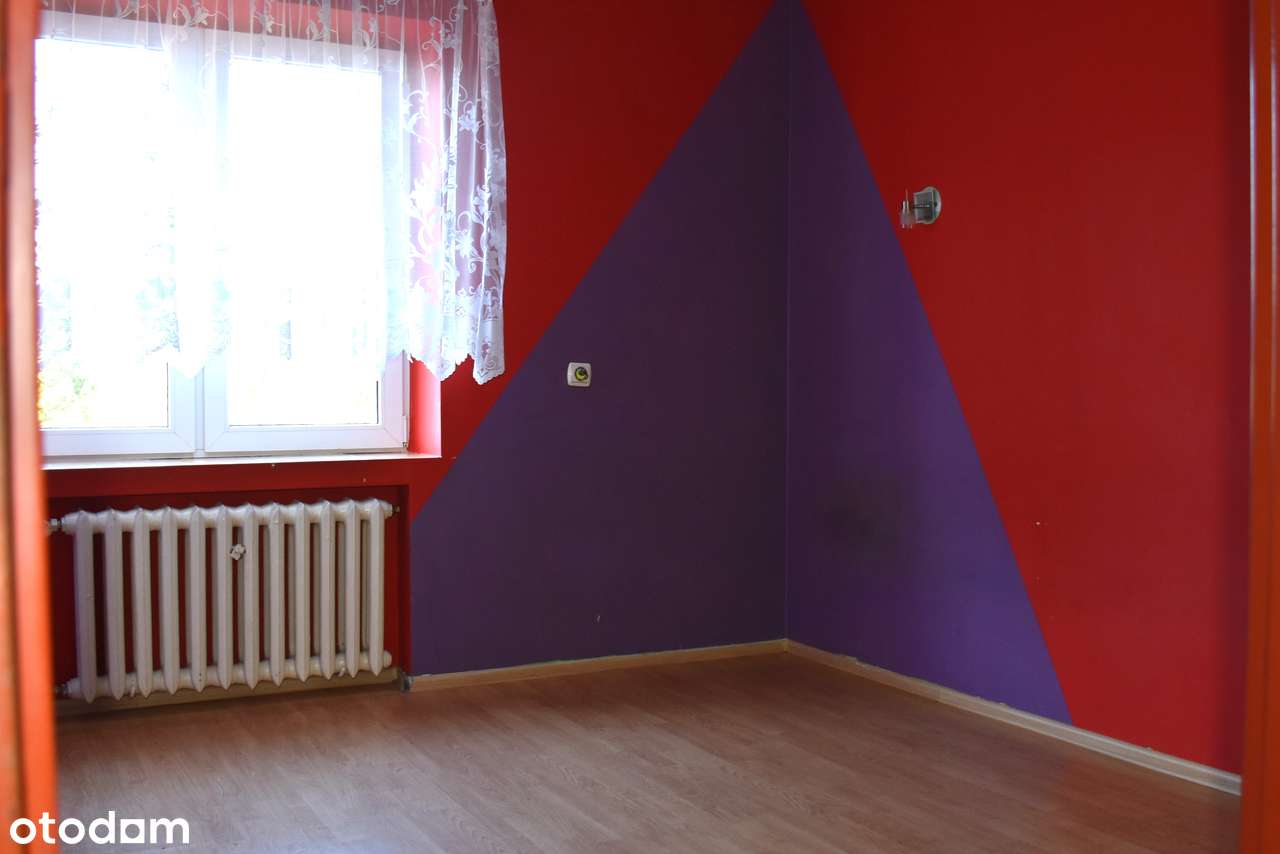 3 pokoje, piwnica,-6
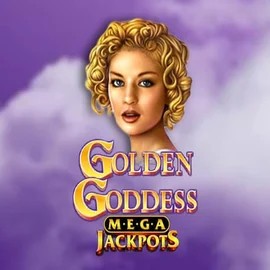 Golden Goddess Megajackpots slot icon by IGT, available at Harry Casino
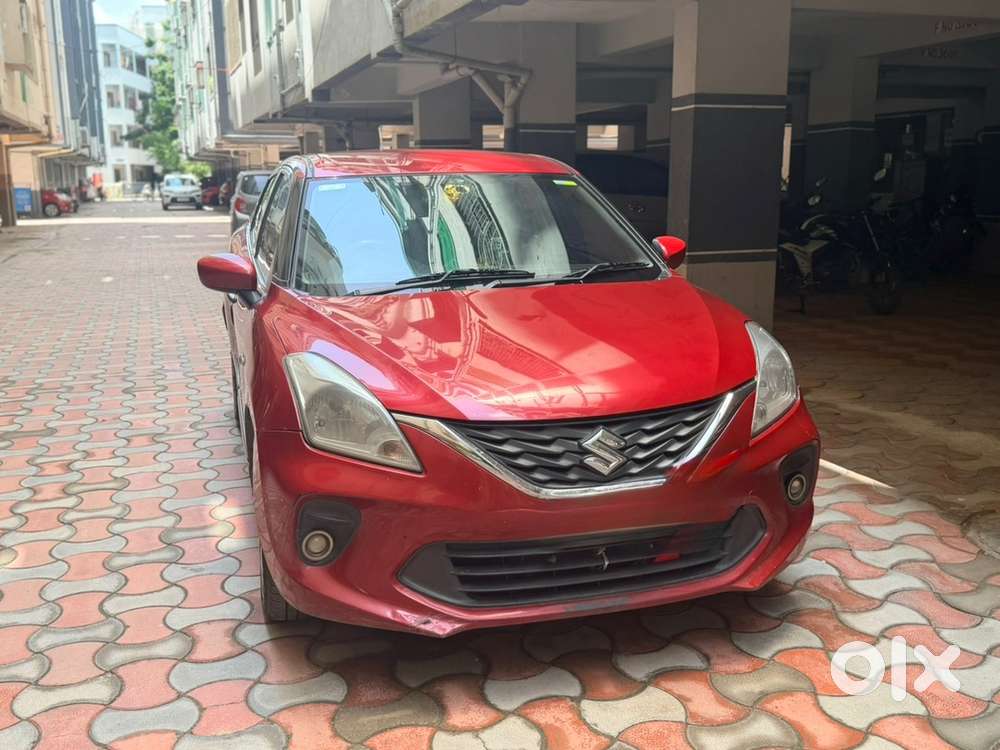2020 Maruti Baleno Petrol With Excellent Condition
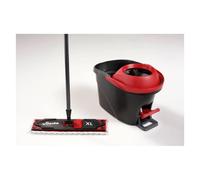 Vileda UltraMax XL Turbo Set, Ustensiles de nettoyage, Rouge, Noir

════════════════════

## Instructions to follow
Leave out all pictures, then copy the remaining material exactly.

## Finished exercise
 3 pokoje, piwnica,-6
 Golden Goddess Megajackpots slot icon by IGT, available at Harry Casino
2020 Maruti Baleno Petrol With Excellent Condition
 Vileda UltraMax XL Turbo Set, Ustensiles de nettoyage, Rouge, Noir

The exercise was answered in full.